Cette question comporte deux volets principaux. Le 1er concerne les universités et instituts de recherche. Dans ces milieux, la réponse est oui. Cette technologie est maîtrisée à 100%, notamment à l’université de Bab Ezouar, Blida, Constantine ou encore Oran. Cependant, c’est au 2e volet, soit au niveau de production, que cela coince. Il faut savoir que dans les pays industrialisés, les universités possèdent des unités de production qui leur sont affiliées. Elles font donc des productions à schéma réduit et peuvent vendre leur production sous forme de prestation. Cela leur permet d’avoir des rentrées d’argent pour faire de la recherche.

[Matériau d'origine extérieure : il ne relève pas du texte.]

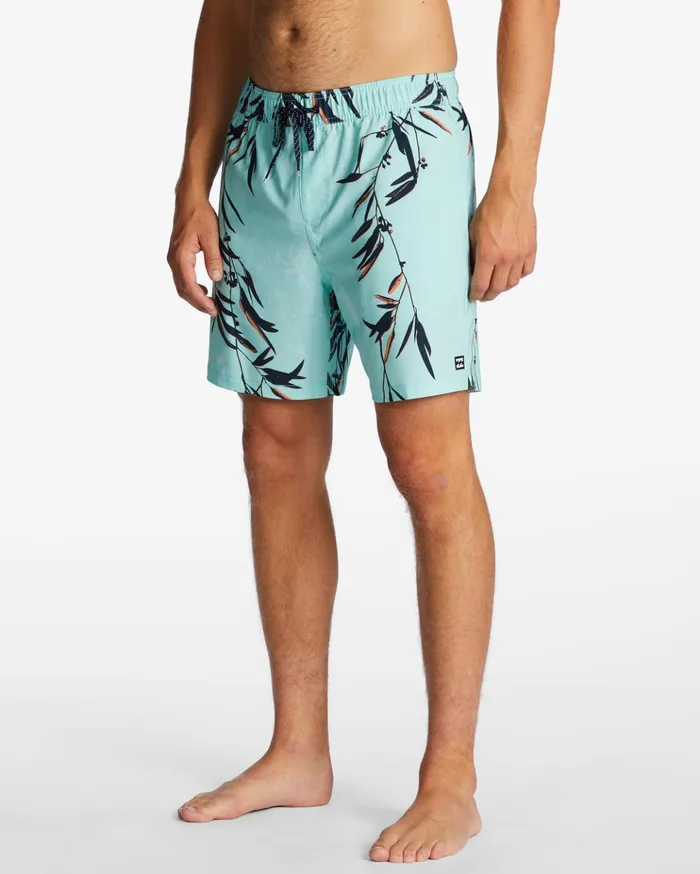 Billabong Sundays Layback 17quot Boardshorts Mint Men Elastic Waist Boardshorts Billabong Sundays Layback 17quot Boardshorts Mint Men Elastic Waist Boardshorts
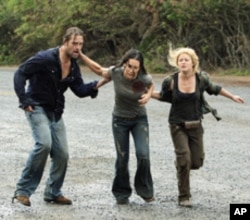 Making a run to leave the island in the final episode of 'Lost."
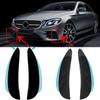 Front Bumper Trim Lip Side Fender Canards Fin Splitter For Benz W213 C238 E180 E200 E220 E250 E300 E43 E53 AMG Line 2016-
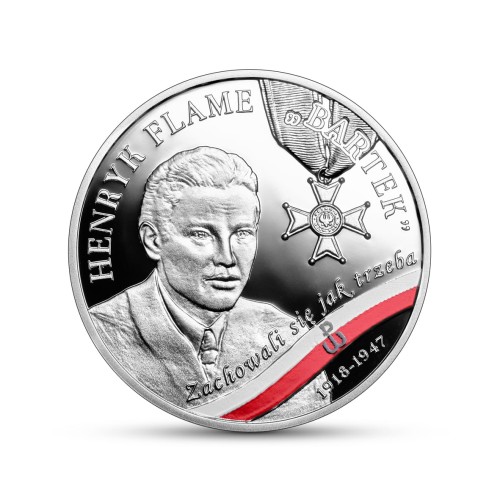 POLSKA: srebrna moneta kolekcjonerska 10 zł / 2024 r. - Wyklęci przez komunistów żołnierze niezłomni - Henryk Flame „Bartek”.
Warszawa, Sklep Numizmatyczny:    
www.sklepnumizmatyczny.eu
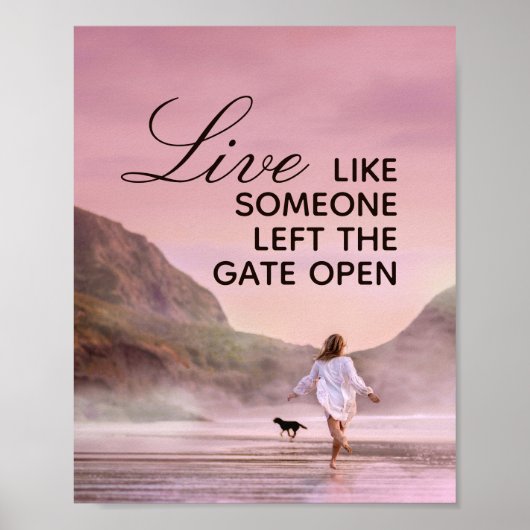 Life Quote Beach Photography Poster (Voorkant)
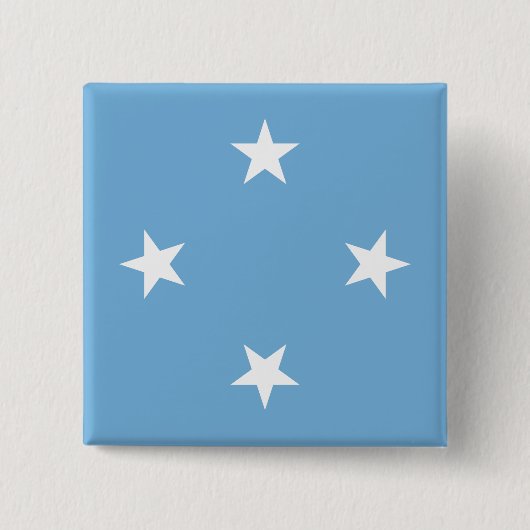 Micronesia Flag Vierkante Button 5,1 Cm (Voorkant)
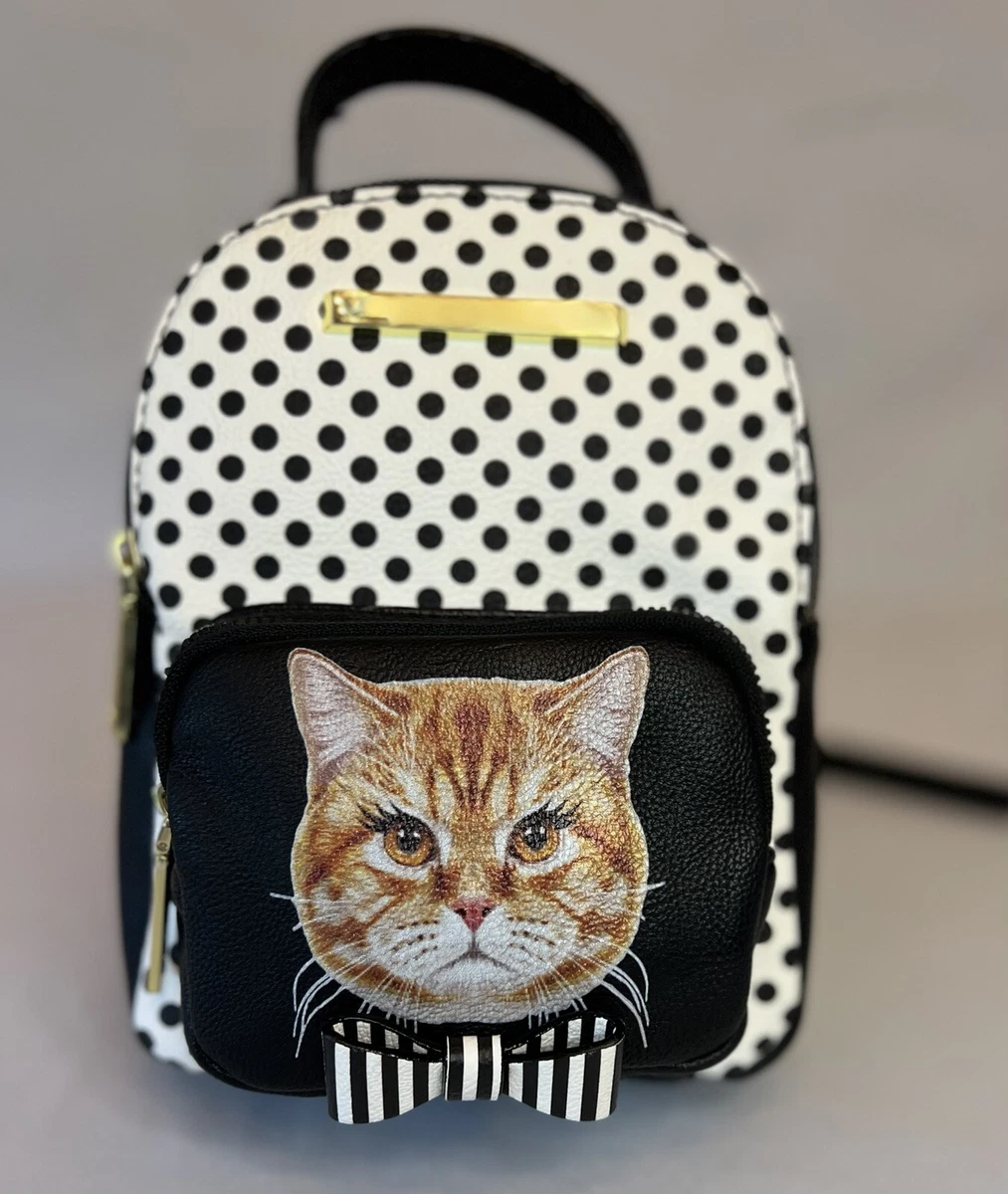 Cat top backpack purse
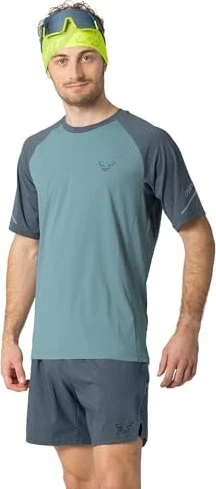 Dynafit Alpine Pro Laufshirt kurzarm smoke blue (Herren)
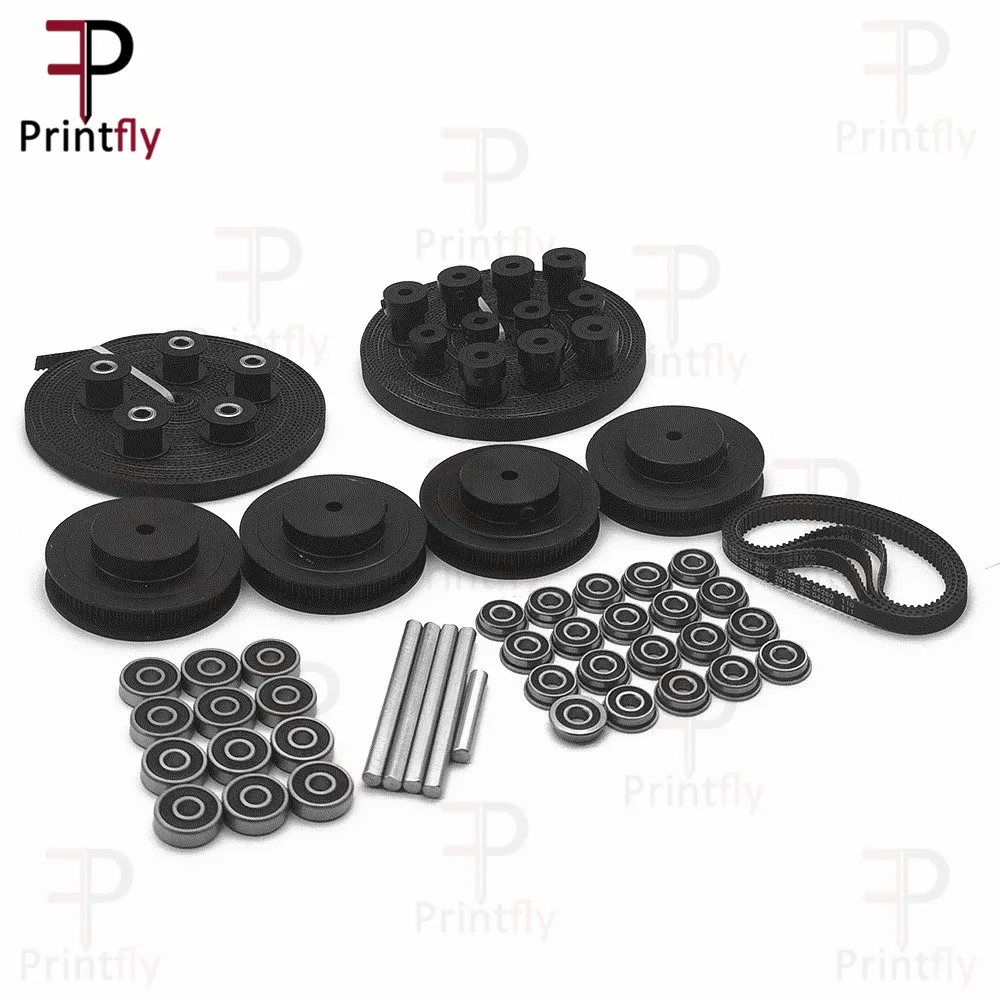 VORON 2.4 Set Motion Parts 2GT Timing Belt 2GT 16T 80T 20T Tooth Pulley 188-2GT Shaft Bearing 625 F695 2RS - Image 2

Par ailleurs, lorsqu’on passe au niveau de la production industrielle, c’est le privé qui s’implique. Ce sont des contrats entre ces privés, les universités et les laboratoires. C’est tout un système qui fait que ces privés disposent d’unités de plants, de semences, etc. Malheureusement chez nous, nous sommes encore loin de ce schéma. En fait, l’Etat ne peut pas tout faire et les gens qui ont de l’argent préfèrent investir ailleurs. Et à cause de l’absence de ces deux paramètres, on reste bloqué sur le côté traditionnel de la pratique car on maîtrise parfaitement le côté biotechnologique mais on bloque sur les étapes suivantes, soit dans la production par manque de financements.

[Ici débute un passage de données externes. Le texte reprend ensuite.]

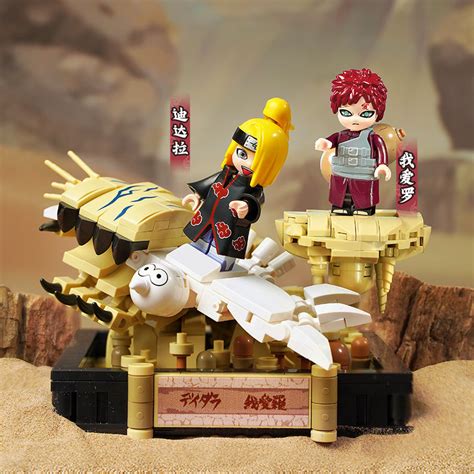 Qman K20505 Naruto Gaara vs. Deidara with 466 pieces | MOULD KING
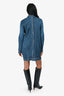 Pleats Please by Issey Miyake Blue Midi Dress Size M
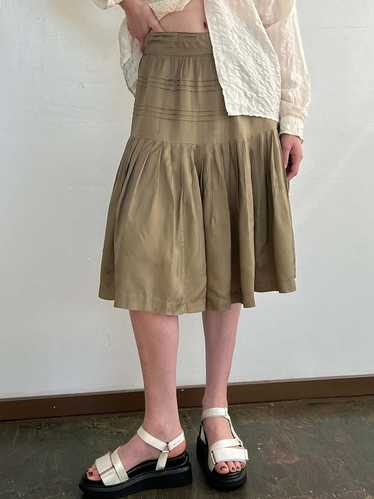 Vintage Dries van Noten Pleated Skirt - Sand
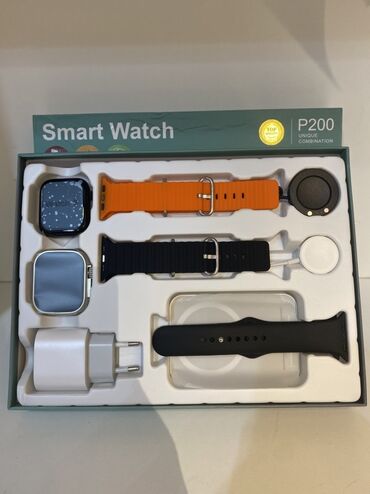 qadin saatlari ve qiymetleri: Smart saat, Sensor ekran, rəng - Qara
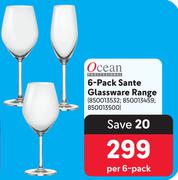 Ocean 6-Pack Sante Glassware Range-Per 6 Pack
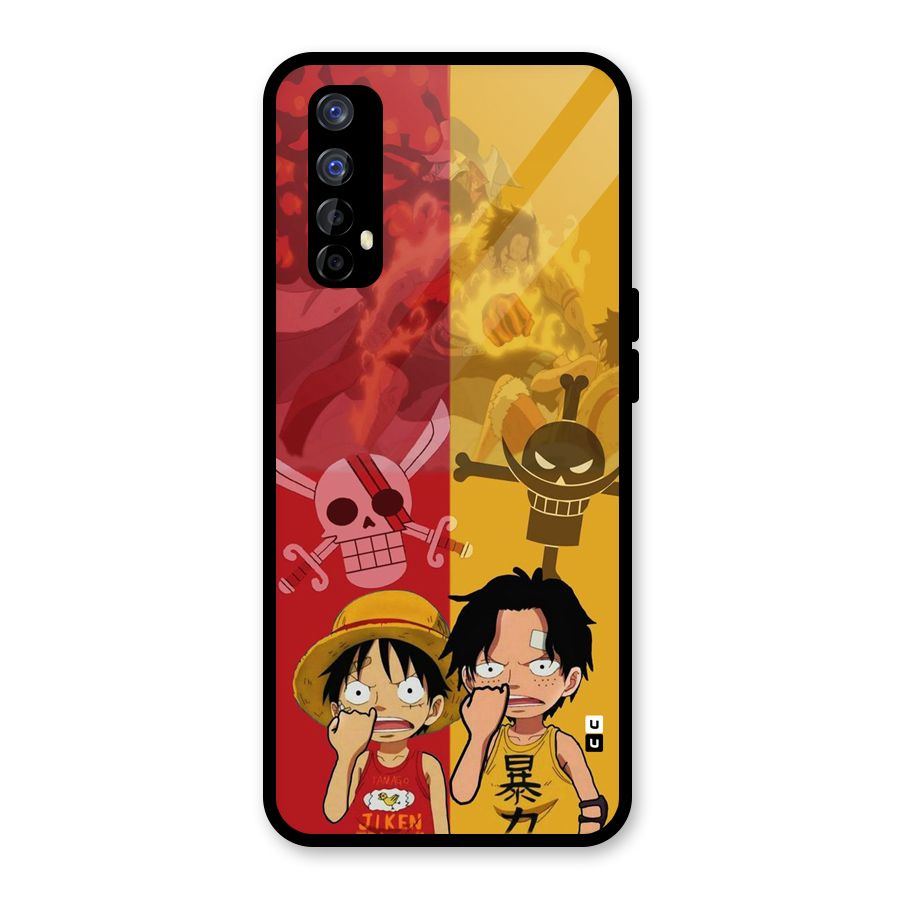 Luffy And Ace Glass Back Case for Realme 7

-Quel rôle doit jouer l’Etat ?

L’Etat peut intervenir de différentes manières via un dispositif de soutien aux privés, notamment avec un soutien financier à l’investissement. Le but est d’encourager le privé à investir dans ce domaine. De manière globale, il faut arriver à installer un climat de confiance pour pousser l’investisseur à investir dans ce secteur. Et afin que ce secteur décolle, il est primordial que la production, l’investisseur privé et les laboratoires de recherche arrivent a coopérer et que chacun trouve son compte. Je pense aussi que c’est au secteur de s’organiser car il s’agit majoritairement de privés. Mais malheureusement, ils n’y arrivent pas car c’est la règle du chacun pour soi qui prime. A mon avis, s’il s’organise, l’Etat serait obligé d’intervenir pour les aider.

-Qu’avons-nous à gagner à valoriser l’activité des pépinières ?

La valorisation de l’activité des pépinières comporte beaucoup d’avantages. En plus de fait que cette activité soit créatrice d’emplois, elle sert à produire des plantations qui seront utilisées dans l’environnement urbain. Car le verdissement des surfaces reste très important d’un point de vue santé, esthétique ou encore environnemental. En plus de la vente aux particuliers.

-De nombreux pépiniéristes dénoncent la hausse constante de la location des terres et demandent à l’Etat d’intervenir. Est-ce possible ?

Il faut savoir que ces terres ont été récupérées des colons et données dans le cadre des révolutions agraires. Ensuite, elles ont été divisées entre plusieurs bénéficiaires. Ces derniers se sont retrouvés en procession de quelques hectares de terre. En d’autres termes, ils ont bénéficié du démembrement des terres de l’Etat.

Ces derniers les ont ensuite louées aux intéressés. Mais à côté de cela, il y a de réels propriétaires de terre qui les louent aussi. Mais cette question reste très compliquée et l’Etat ne peut intervenir à moins de faire une révision des statuts des terres au niveau national. D’ailleurs, la location de ces terres fait partie des paramètres qui jouent dans la hausse des prix car cela rentre dans l’investissement.